Thus, even apart from appellant’s failure to rebut the presumption of accuracy, the evidence sufficiently supported the trial court’s determination that the photographs were what the prosecution claimed they portrayed, namely, digital depictions of appellant entering the intersection against a red signal light.
2. The Photographs Were Not Rendered Inadmissible by the Hearsay Rule
“ ‘Hearsay evidence’ is evidence of a statement that was made other than by a witness while testifying at the hearing and that is offered to prove the truth of the matter stated.” (Evid. Code, § 1200, subd. (a).) A “statement” in this context “ ‘means (a) oral or written verbal expression or (b) nonverbal conduct of a person intended by him as a substitute for oral or written verbal expression.’ [Citation.] ‘ “Person” includes a natural person, firm, association, organization, partnership, business trust, corporation, limited liability company, or public entity.’ [Citation.]” (People v. Hawkins (2002) 98 Cal.App.4th 1428, 1449 [121 Cal.Rptr.2d 627].) Because “[t]he Evidence Code does not contemplate that a machine can make a statement,” information generated from a machine does not fall within the bar created by the hearsay rule. {Ibid.)
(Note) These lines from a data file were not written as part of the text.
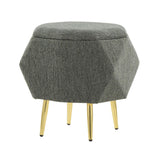 Diamond - Ottoman - Gold Metal Legs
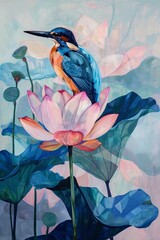an artwork in the style of Constructivism poster, with an ethereal quality, featuring dreamlike elements such as lotus flowers, green leaves, and a bird light pink and dark azure colors.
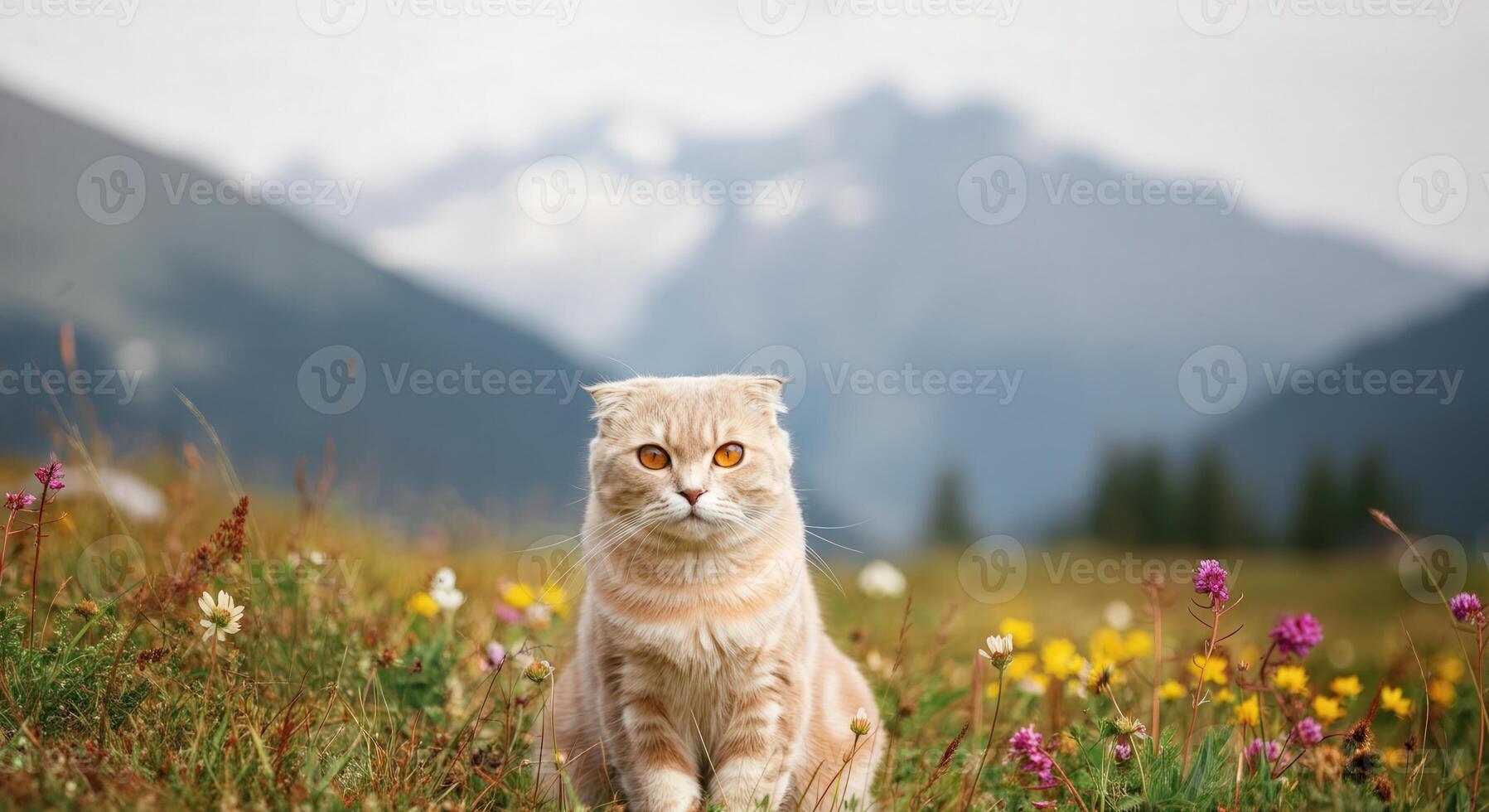 Serene scottish fold cat in a vibrant mountain wildflower meadow photo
The data bars affixed to the bottom of the photographs were not hearsay, insofar as they were not “inputted” by a person but, rather, were generated by the ATES once the system’s sensors were triggered by appellant. The purpose of the hearsay rule is to subject the declarant to cross-examination in order to bring to light any falsities, contradictions, or inaccuracies that may not be discernible in the declarant’s out-of-court statement. (People v. Hawkins, supra, 98 Cal.App.4th at p. 1449.) Under no scenario could appellant have cross-examined the ATES to ask what time it recorded appellant’s traffic violation. (See ibid, [noting that a machine cannot consciously misrepresent facts].) Simply put, the data bars were not a “statements” from a person that were subject to the hearsay rule.
As for the images depicted in the photographs, they were demonstrative evidence of appellant’s crime and, hence, did not render the photographs inadmissible under the hearsay rule. People v. Cooper (2007) 148 *Supp. 8Cal.App.4th 731, 746 [56 Cal.Rptr.3d 6] [holding that photographs and video “are demonstrative evidence, depicting what the camera sees,” and “are not hearsay”].)
B.-D.*
IV. DISPOSITION
The judgment is affirmed.
McKay, P. J., and Dymant, J., concurred.
In the unpublished portion of the opinion, we reject appellant’s remaining contentions.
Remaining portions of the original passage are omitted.